Everett Baker Award for Saskatchewan Heritage

This award is named for the SHFS’ first President, Everett Baker. Throughout his life, Everett Baker was a strong believer in the importance of understanding the past to build a better future, and as such he worked tirelessly to preserve local history. In that spirit, the Baker Award recognizes individuals, groups or organizations who have gone “above and beyond” to preserve and promote heritage in Saskatchewan. The award also recognizes efforts to call public attention to aspects of little-known Saskatchewan history.

Congratulations to the 2020 Everett Baker Award Winners!


Kaley Evans
Kaley Evans has been working on his Saskatchewan music archive - the Prairie to Pine Archive Project - since 2015. He has single-handedly cataloged nearly 1000 records by Saskatchewan recording artists. Kaley has spent countless hours researching the histories of these records. He shares his research through his blog (, his YouTube channel (Records from Saskatchewan), and Instagram (@prairietopine). Kaley also hosts the Prairie to Pine Radio Show that airs Wednesdays from 7:00 to 7:30 on CFCR 90.5 FM. This show is currently on hiatus, with plans to resume in the future.

Kaley's blog features short profiles on fascinating, yet nearly forgotten records, recording studios, musicians and music venues from Saskatchewan's music scene over the past century. Through the posting of curated mixtapes, film clips, and archival photos, followers of Prairie to Pine can imagine an older Saskatchewan and find new meaning in familiar Saskatchewan places. A striking quality in Kaley's work is his devotion to Saskatchewan's diversity. First Nations music, Ukrainian wedding songs, Metis fiddling, Doukhobor choir music, old-time Scottish dance tunes, and Cowboy ballads all may find new audiences through this work.
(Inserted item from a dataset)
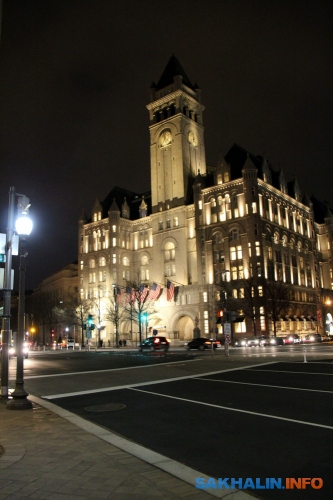 Отель Trump International Washington D.C. появился на месте старого почтового отделения, которое было построено в 1899 году и прошло через несколько реконструкций. В 80-х годах прошлого века здесь был расположен торговый центр с ресторанным двориком. В 2012 году федеральное Управление служб общего назначения, которое управляет зданием, сдало его в аренду на 60 лет гостиничной структуре Дональда Трампа, согласившейся выплачивать по $3 млн в год и потратить более $200 млн на реконструкцию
Kaley's masterful use of social media has made Saskatchewan culture and music history easily accessible to a broad audience. The Prairie to Pine Archive Project is a fascinating and significant project that helps people to discover or re-discover albums from Saskatchewan artists, and the stories that go with them.


Les Oystryk
As a long-time resident of Northern Saskatchewan, Les has spent countless hours researching and promoting Northern history. He has published various articles and papers on topics in northern Saskatchewan and Manitoba. Les is an active supporter of the Northern Gateway Museum at Denare Beach. He regularly lectures on Northern history. He has made significant volunteer contributions to many Boards and Committees, including Heritage Saskatchewan and the Saskatchewan Archeological Society. One of the unique ways Les contributes to the history of the North is through his work as a resource person for a wide range of northern history projects. Whenever asked, he tirelessly lends his keen understanding of topics such as the fur trade, archeology, aviation, and the various communities across the North, making referrals as needed to connect people interested in exploring and promoting Northern history. Over the years, many people have had the good fortune to receive valuable input from Les Ostryk on numerous research projects.
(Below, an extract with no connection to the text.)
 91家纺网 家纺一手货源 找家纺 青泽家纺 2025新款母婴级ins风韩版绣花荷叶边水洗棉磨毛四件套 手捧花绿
Since 2015, he has administered two active Facebook pages (Reindeer Lake History and DNR Family - Tales and Trails). He regularly contributes to several others on the same themes. His efforts here have helped result in a remarkable surge of interest in community histories for Northern Saskatchewan. In this regard, Les's role has been a significant factor in this newfound sharing of knowledge and photos from times gone past. This medium has effectively raised the profile and reflective value of the heritage that matters for many people.
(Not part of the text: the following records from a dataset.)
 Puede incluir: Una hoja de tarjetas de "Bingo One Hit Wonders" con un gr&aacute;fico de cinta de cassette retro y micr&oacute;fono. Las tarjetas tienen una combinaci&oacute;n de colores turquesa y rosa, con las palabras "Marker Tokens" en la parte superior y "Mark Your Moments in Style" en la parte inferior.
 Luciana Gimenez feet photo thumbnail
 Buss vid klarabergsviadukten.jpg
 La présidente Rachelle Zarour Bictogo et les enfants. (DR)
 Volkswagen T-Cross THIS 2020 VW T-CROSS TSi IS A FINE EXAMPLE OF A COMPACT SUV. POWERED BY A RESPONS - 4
Friends of St. Victor Petroglyphs
The Friends of St. Victor Petroglyphs is a small but passionately dedicated group formed in 1989 by local people concerned about the deterioration of the St. Victor Petroglyphs, the largest grouping of Indigenous rock carvings in southern Saskatchewan.

This all-volunteer group has put in an incredible amount of hard work over the years. In addition to advocating for the site, they have fundraised for an array of planning and educational projects. These include commissioning two major planning studies for site protection and interpretation, a significant book that examines the archaeological and ethnographic history and interpretation of the ancient art at this site, numerous guided tours for visitors, newspaper articles and social media education, and the development of a small interpretation centre in the hamlet of St. Victor, near St. Victor Petroglyphs Provincial Historic Park.